* [WHAT NEEDS TO BE DONE]:
Which lines in the data contain the word "Design"? Please copy each of them.

* [Stored data]:
== Segment start ==

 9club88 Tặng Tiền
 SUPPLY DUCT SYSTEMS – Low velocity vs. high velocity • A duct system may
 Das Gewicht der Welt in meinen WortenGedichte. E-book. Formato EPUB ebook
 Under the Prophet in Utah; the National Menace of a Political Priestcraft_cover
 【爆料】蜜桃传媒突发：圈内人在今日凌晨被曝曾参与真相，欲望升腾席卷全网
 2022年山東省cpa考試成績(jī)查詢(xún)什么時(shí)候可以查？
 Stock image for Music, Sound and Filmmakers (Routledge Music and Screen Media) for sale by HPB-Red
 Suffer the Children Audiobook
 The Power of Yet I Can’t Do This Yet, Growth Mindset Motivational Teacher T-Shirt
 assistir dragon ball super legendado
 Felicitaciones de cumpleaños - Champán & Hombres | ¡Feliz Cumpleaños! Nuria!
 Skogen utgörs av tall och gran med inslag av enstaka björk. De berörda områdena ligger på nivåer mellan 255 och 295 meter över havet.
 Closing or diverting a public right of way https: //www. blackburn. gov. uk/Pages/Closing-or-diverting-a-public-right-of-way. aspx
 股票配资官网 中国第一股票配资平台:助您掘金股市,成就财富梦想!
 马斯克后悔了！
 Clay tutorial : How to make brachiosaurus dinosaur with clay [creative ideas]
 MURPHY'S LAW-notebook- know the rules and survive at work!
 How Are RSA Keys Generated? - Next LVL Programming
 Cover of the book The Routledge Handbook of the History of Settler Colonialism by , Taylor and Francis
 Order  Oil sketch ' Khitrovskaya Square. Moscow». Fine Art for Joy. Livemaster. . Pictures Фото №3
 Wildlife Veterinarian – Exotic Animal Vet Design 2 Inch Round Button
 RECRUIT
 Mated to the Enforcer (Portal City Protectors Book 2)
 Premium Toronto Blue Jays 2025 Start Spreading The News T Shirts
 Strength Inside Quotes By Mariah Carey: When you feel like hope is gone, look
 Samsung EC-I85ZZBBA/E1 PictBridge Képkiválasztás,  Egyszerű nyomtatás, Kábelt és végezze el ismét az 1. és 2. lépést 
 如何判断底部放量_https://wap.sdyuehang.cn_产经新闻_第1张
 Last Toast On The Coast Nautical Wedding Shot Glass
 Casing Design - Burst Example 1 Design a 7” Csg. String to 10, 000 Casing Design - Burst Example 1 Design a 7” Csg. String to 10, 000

== Segment end ==

* [FINAL ANSWER]:
 Wildlife Veterinarian – Exotic Animal Vet Design 2 Inch Round Button
 Casing Design - Burst Example 1 Design a 7” Csg. String to 10, 000 Casing Design - Burst Example 1 Design a 7” Csg. String to 10, 000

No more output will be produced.